Transcribe all of the data exactly. Images stay out.

[Saved data entries]

§ §

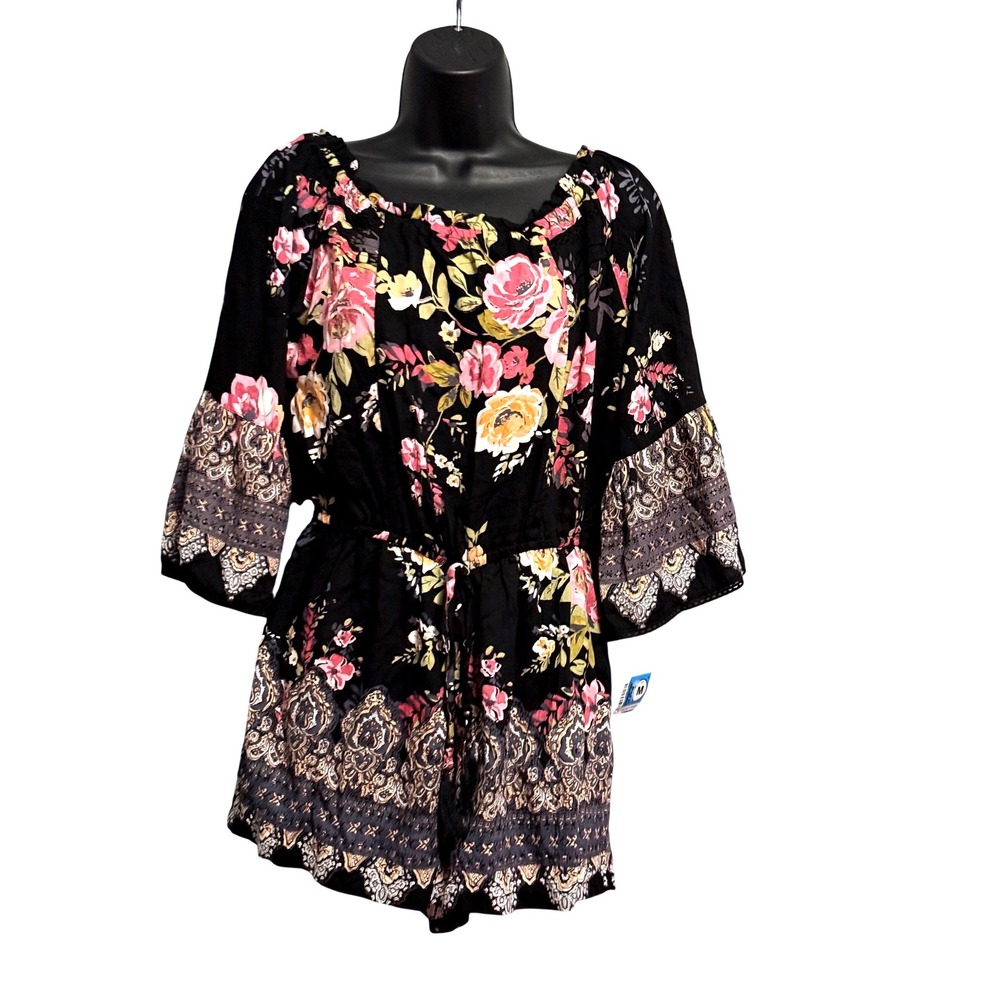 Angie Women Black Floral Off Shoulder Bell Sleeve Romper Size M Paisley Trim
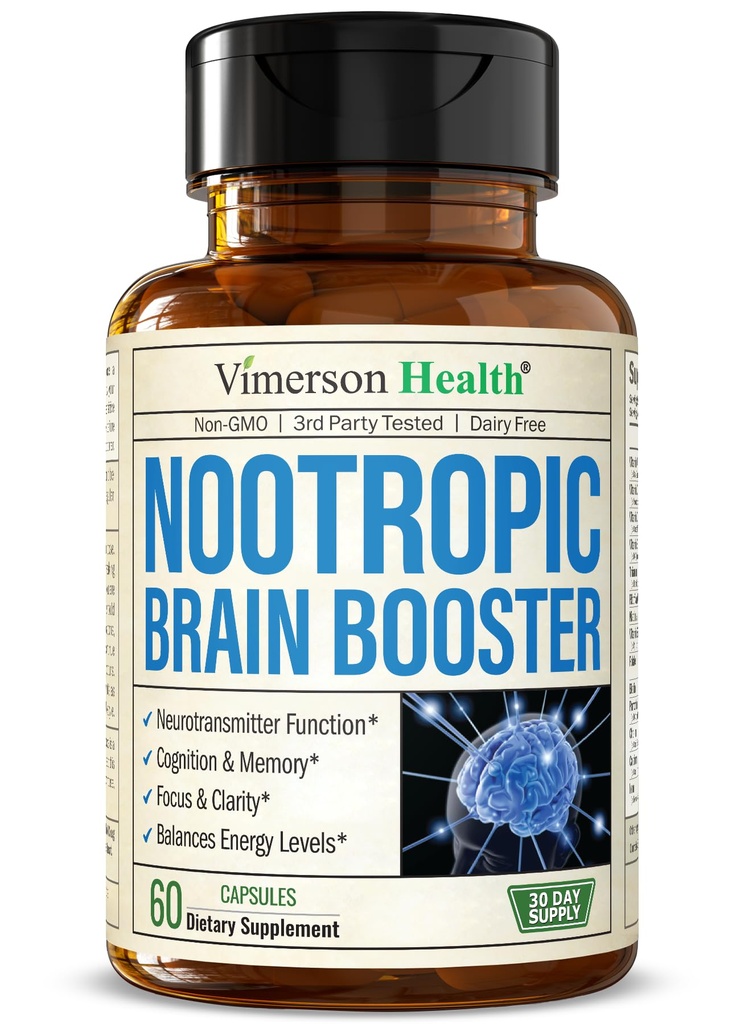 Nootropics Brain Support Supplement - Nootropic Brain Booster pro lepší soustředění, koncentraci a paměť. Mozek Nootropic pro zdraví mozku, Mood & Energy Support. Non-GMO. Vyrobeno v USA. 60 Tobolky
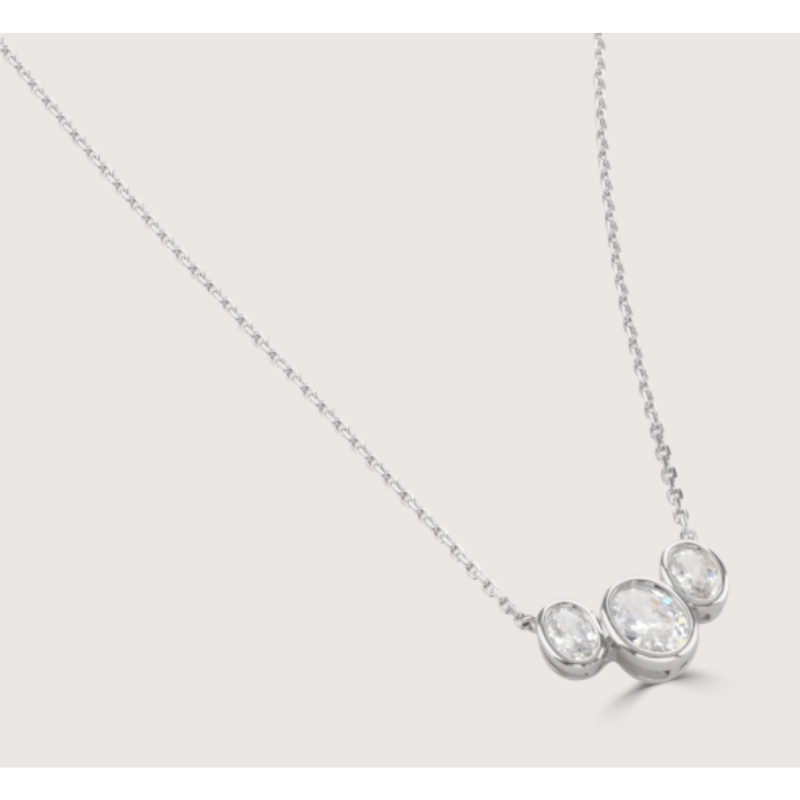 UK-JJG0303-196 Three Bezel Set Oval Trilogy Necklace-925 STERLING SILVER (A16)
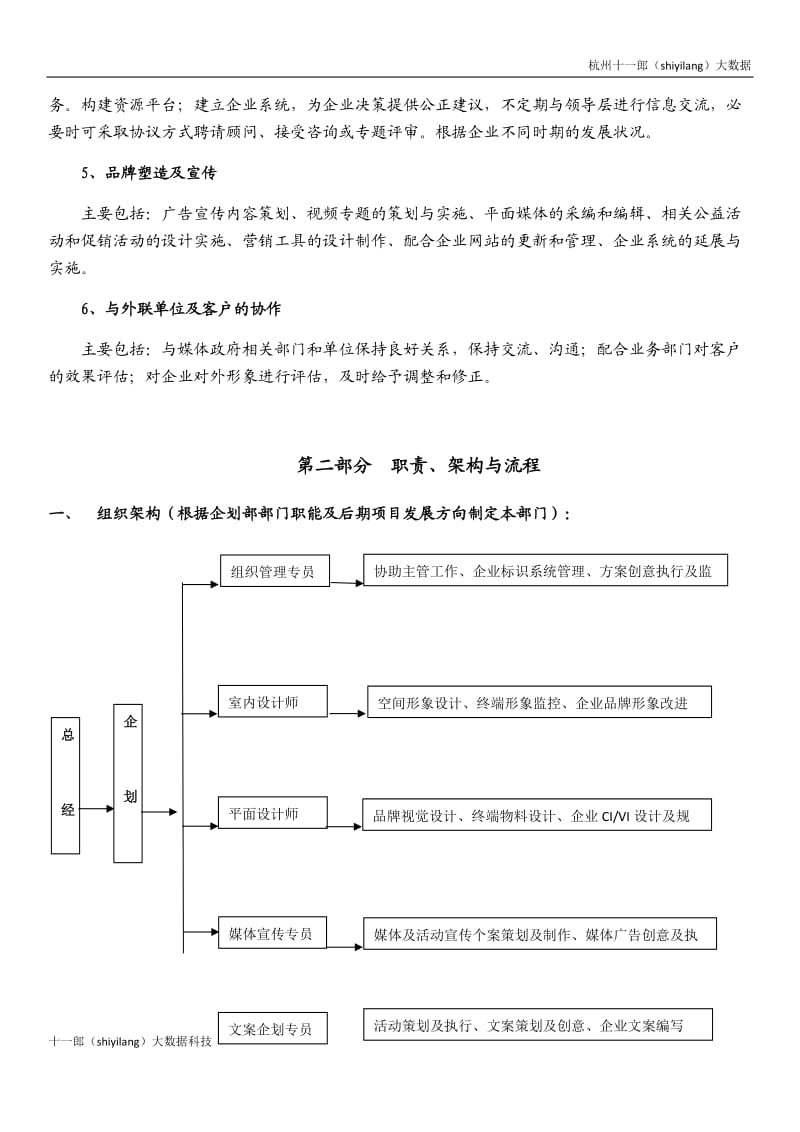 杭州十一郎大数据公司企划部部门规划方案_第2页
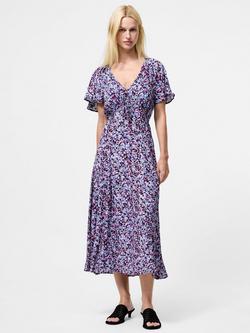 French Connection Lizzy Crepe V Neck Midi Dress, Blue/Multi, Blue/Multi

§ §

Written response.
 Angie Women Black Floral Off Shoulder Bell Sleeve Romper Size M Paisley Trim
 Nootropics Brain Support Supplement - Nootropic Brain Booster pro lepší soustředění, koncentraci a paměť. Mozek Nootropic pro zdraví mozku, Mood & Energy Support. Non-GMO. Vyrobeno v USA. 60 Tobolky
 UK-JJG0303-196 Three Bezel Set Oval Trilogy Necklace-925 STERLING SILVER (A16)
 杭州十一郎大数据公司企划部部门规划方案_第2页
 French Connection Lizzy Crepe V Neck Midi Dress, Blue/Multi, Blue/Multi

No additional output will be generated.